Using Simple Shapes to Diagram a Burial Plot

I’ve mentioned my search for ancestor Catherine Ware and her (currently) overgrown burial plot at Mount Moriah Cemetery in Philadelphia a few times here.

Each time I visit Mount Moriah I try to visit her plot and learn a little more about the people buried here.

There are 7 visible stone in this plot: 2 for Catherine Ware (a large obelisk and a smaller stone with her initials), 1 for Thomas H. Ottey and Amanda (Wagner) Ottey, one for Mary A. Wagner, one for the children of Thomas and Amanda Ottey that died in infancy or early childhood, 1 for Lillian and Albert Simon, and 1 for Horace and Christina Kincaid.

I’m still unravelling exactly who all of the people are and I’ve recently learned from GSP records that there are others buried here, too: John Wagner, Adam Wagner, Rebecca Wagner, and Walter Walker.

To help myself sort it all out and plan where to look for possible stones for these other folks I’ve created the following:

Section 130, Lots 17 & 18, Div A

Section 130, Lots 17 & 18, Div A

My diagram started by taking a close up screen shot of the double plot owned by Catherine Ware.
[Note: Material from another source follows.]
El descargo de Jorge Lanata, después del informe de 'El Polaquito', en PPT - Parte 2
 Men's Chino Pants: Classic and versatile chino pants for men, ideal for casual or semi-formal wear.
I plugged this in to Pages, but you could easily use Word or any other program that allows you to import an image and then place text and shapes over top.

I then used the shape tool to approximate the location, placement, and general shape of each visible stone. This is certainly not to scale, but you get the idea.

I ended by labeling each shape with text indicating the names on the stones. If I’m able to discover any new stones I can easily edit my document to add new shapes.

There is clearly a lot of unused space in these plots! In about a week I’ll be clearing the knotweed to get a better look.

Passport Applications

On a whim I started searching ancestry.com’s collection of U.S. passport applications for some of my more recent surnames. I got a few hits and was surprised to learn that…

There is a copy of the passport photo that was scanned with the application:

William Ford Gibbons (1864-1929)

William Ford Gibbons (1864-1929)

That the applications include a physical description of the applicant:

Screen Shot 2013-10-15 at 10.39.43 AM

 

That a wife could be added to her husband’s passport with a simple signed letter and a photo:

Screen Shot 2013-10-15 at 10.40.49 AM

 

William Ford Gibbons married Anna Laurence Gibbons later in life. He remained single and lived with his mother at least up until the 1920 census, when he was 56 years old. His mother died in 1922 and he married Anna (then 32 years old) in 1924. I think that’s what the text under her picture indicates – “married in Tampa… 10th 1924”.

Family stories indicate that William was a favored uncle who doted on his nieces and nephews. He supposedly traveled a lot and brought exotic gifts back to his extended family. Then he married Anna (who I believe was previously widowed) and when William died his entire fortune was left to his wife of 5 years. Needless to say, some of those nieces and nephews were upset.